Abstract In this article we consider the linear regression model y = Xβ + ε, where ε is N(0, σ2I). In this context we derive exact tests of the form H: Rβ ≥ r versus K: β ∈ RK for the case in which θ2 is unknown. We extend these results to consider hypothesis tests of the form H: R1β ≥ r1 and R2β = r2 versus K: (β ∈ RK . For each of these hypotheses tests we derive several equivalent forms of the test statistics using the duality theory of the quadratic programming. For both tests we derive their exact distribution as a weighted sum of Snedecor's F distributions normalized by the numerator degrees of freedom of each F distribution of the sum. A methodology for computing critical values as well as probability values for the tests is discussed. The relationship between this testing framework and the multivariate one-sided hypothesis testing literature is also discussed. In this context we show that for any size of the hypothesis test H: λ = 0 versus K: β ∈ RK the test statistic and critical value obtained are the same as those from the hypothesis test H: λ = 0 versus K: λ ≥ 0, where λ is the expectation of the Lagrange multiplier arising from the estimation of β subject to the equality constraints Rβ = r.

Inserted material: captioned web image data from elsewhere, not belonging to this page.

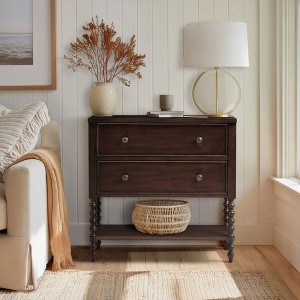 PAGED Elegant Nightstand Accent Bedside Table with Solid Wood Frame and Turned Legs for Bedroom - 1 of 4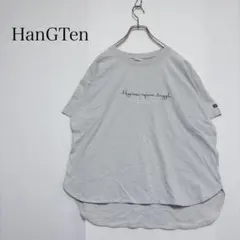 ハングテン Tシャツ 半袖 グレー　LL ロゴ刺繍 カジュアル　ゆったりのサムネイル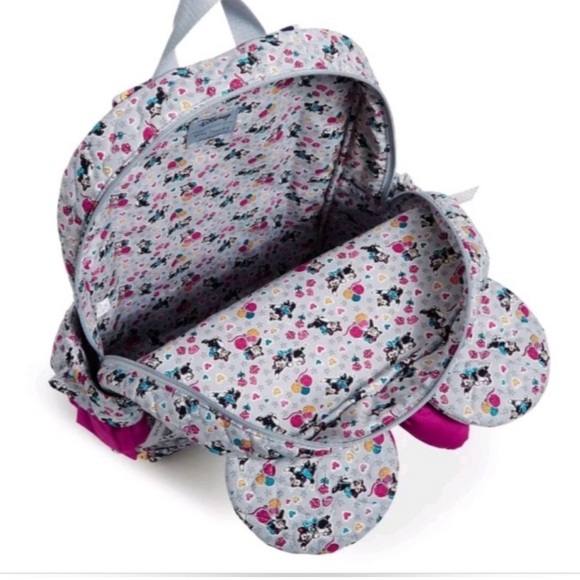 Disney Mickey and Minnie Vera Bradley Backpack with Pink Accent Bow - Picture 3 of 6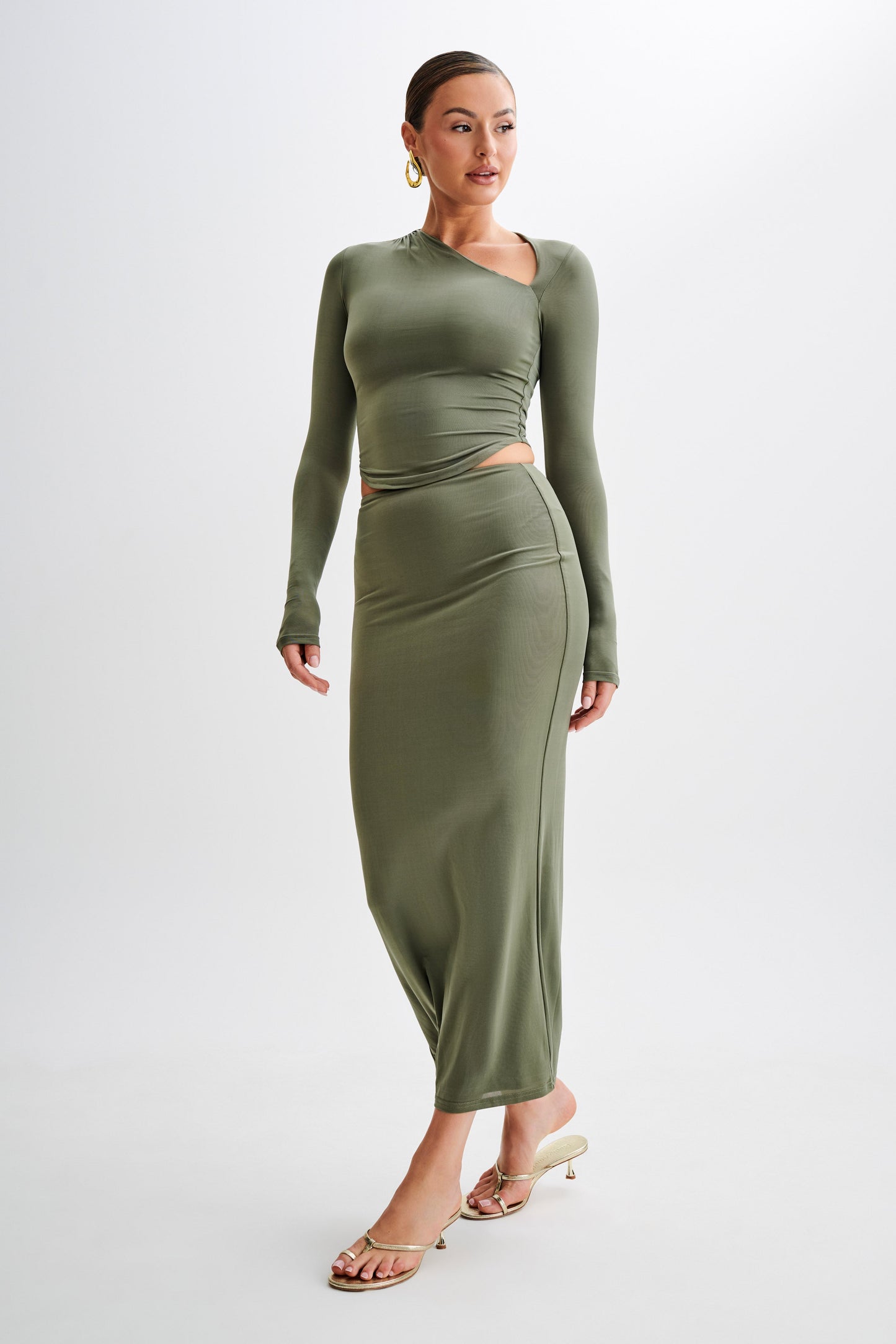 Bruna Slinky Long Sleeve Top with Cut Out - Military Olive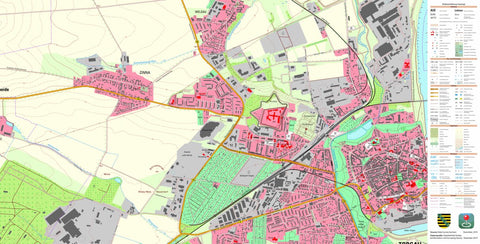 Staatsbetrieb Geobasisinformation und Vermessung Sachsen Zinna, Torgau, Stadt (1:10,000 scale) digital map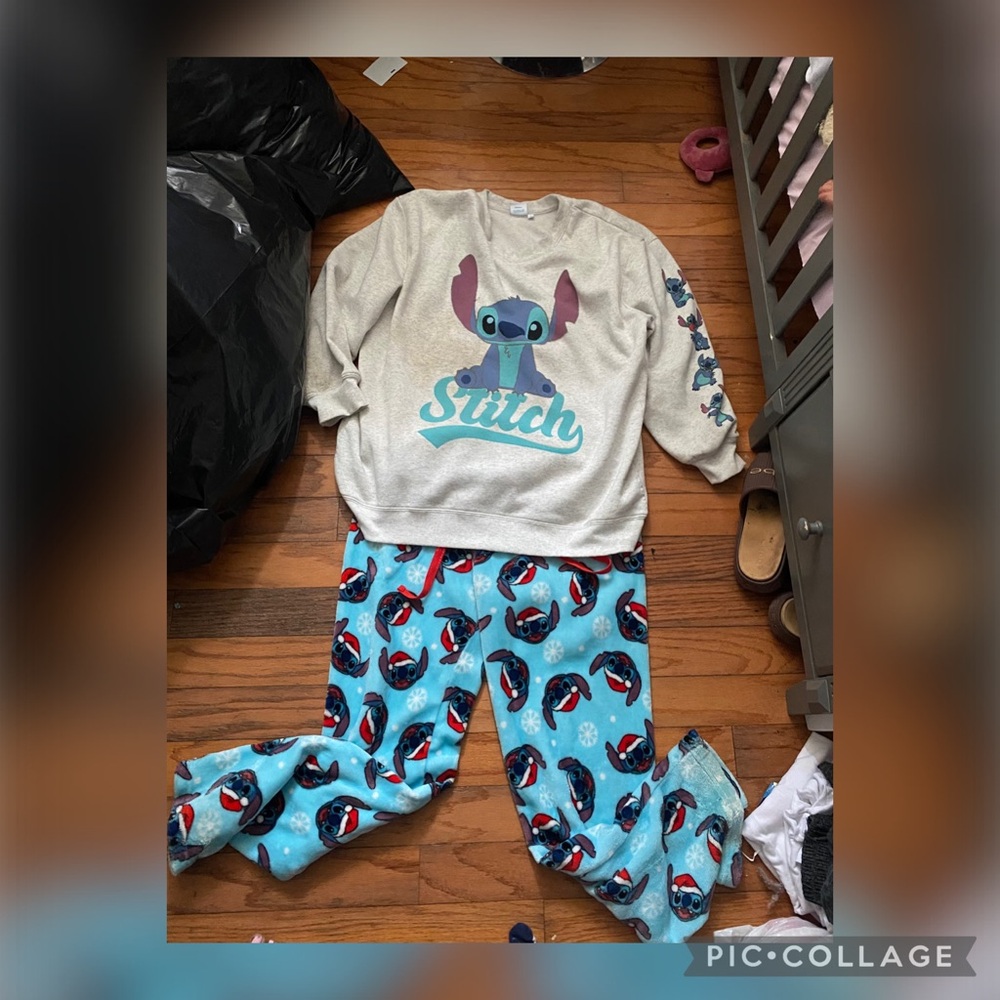 Disney Stitch Kids Pajama Set - Cream and Blue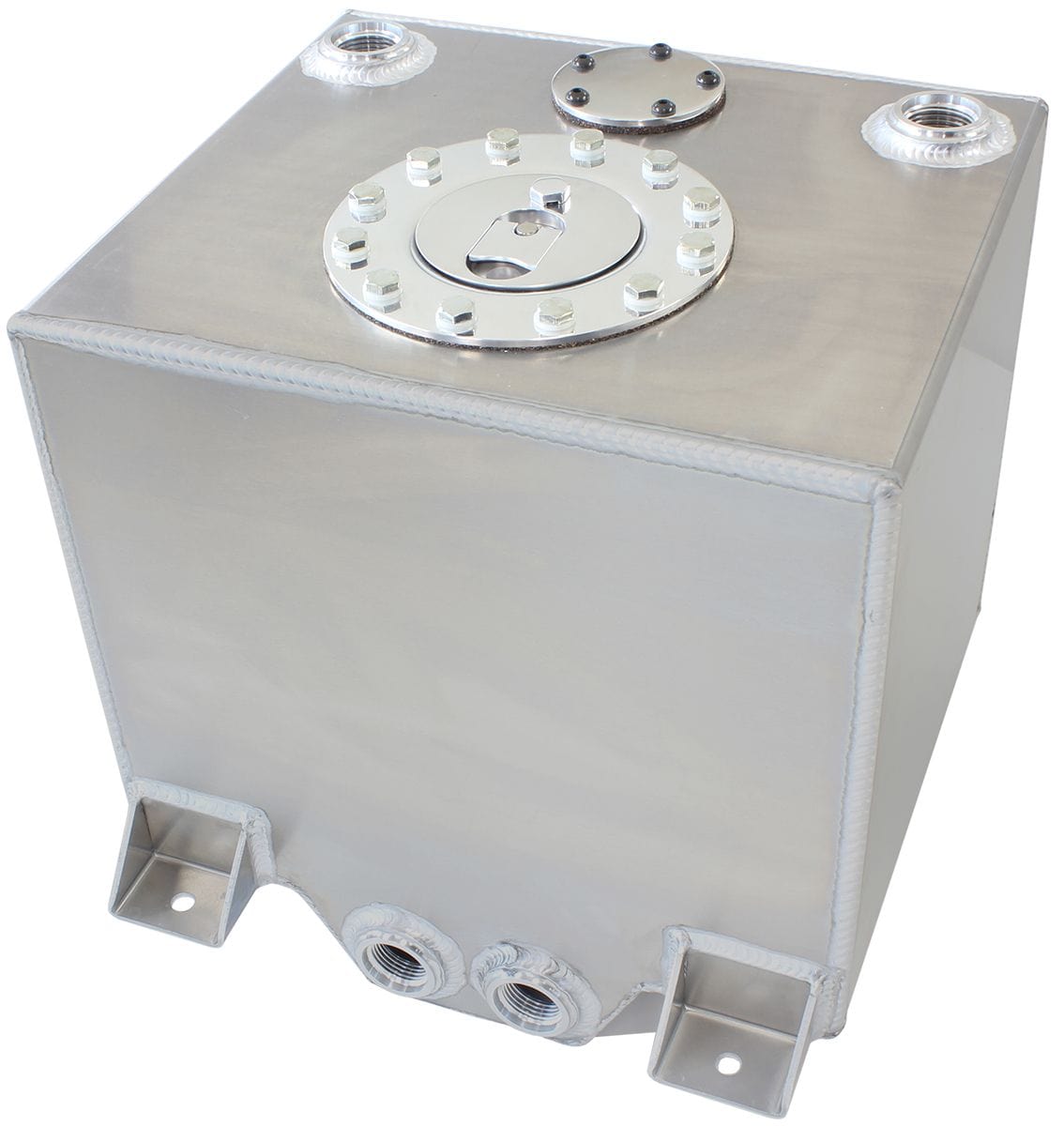 Aeroflow Performance 10-1/4" L x 11-13/16" W x 10-1/4" H (26cm x 30cm x 26cm) Aeroflow Aluminium 5 Gallon (19L) Fuel Cell with Cavity/Sump AF85-2050A SR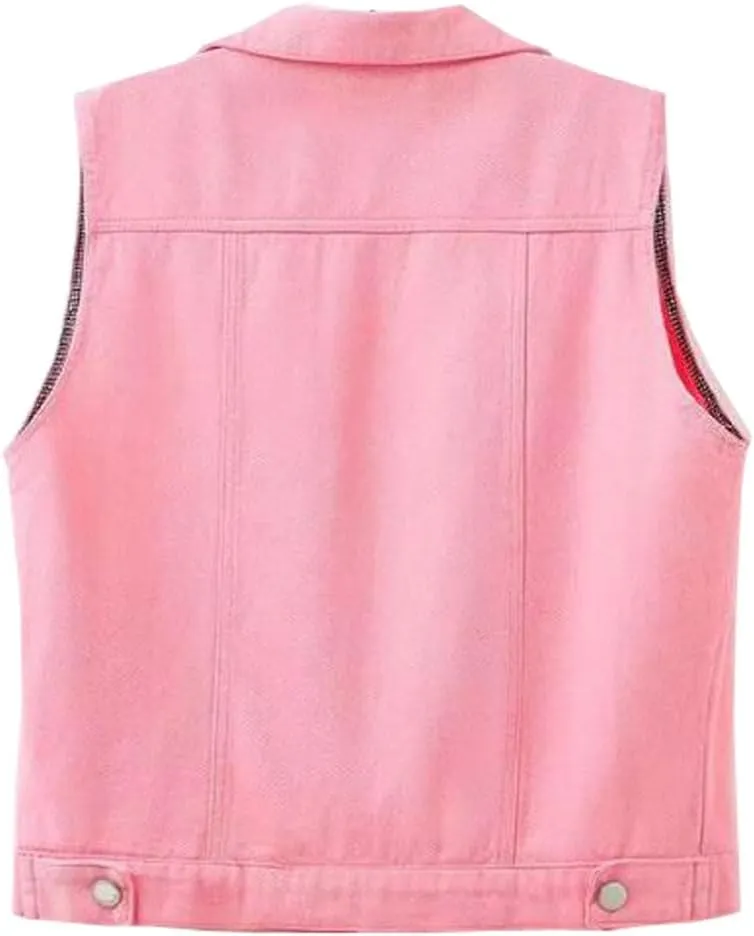Womens Beading Pearls Denim Button Vest Ripped Waistcoatvest Sleeveless Jean Jacket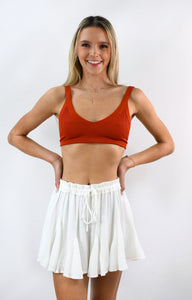 Brick Work Open Back Crop Top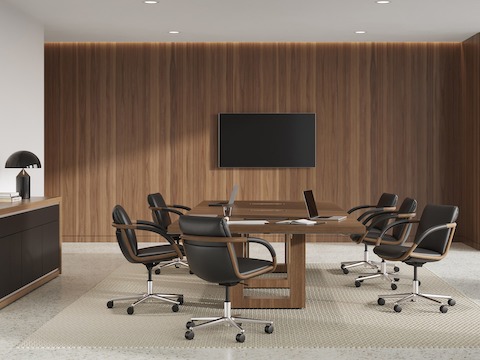 Highline 50 Conference Table by DatesWeiser in a Conference Room setting with Highline 25 Credenza.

In this way we link the multivariate inequality constraints test to the much studied multivariate one-sided hypothesis test, H: μ = 0 versus K: μ ≥ 0, where μ is the mean of a multivariate normal random vector. We also show that the test H: R 1β ≥ r 1 and R 2β = r 2 versus K: β ∈ RK has the following equivalent test in terms of λ, H: λ = 0 versus K: λ1 ≥ 0, and λ2 ≠ 0, where λ1 is the subvector of λ corresponding to R1β ≥ r1 and λ2 corresponds to R 2β = r 2. Extensions of recent work in one-sided hypothesis testing for the coefficients of the linear regression model are also derived. For the normal linear regression model we derive exact tests for the hypothesis testing problems H: Rβ = r versus K: Rβ ≥ r and H: Rβ = r versus K: R 1β ≥ r, and R 2β ≠ r 2.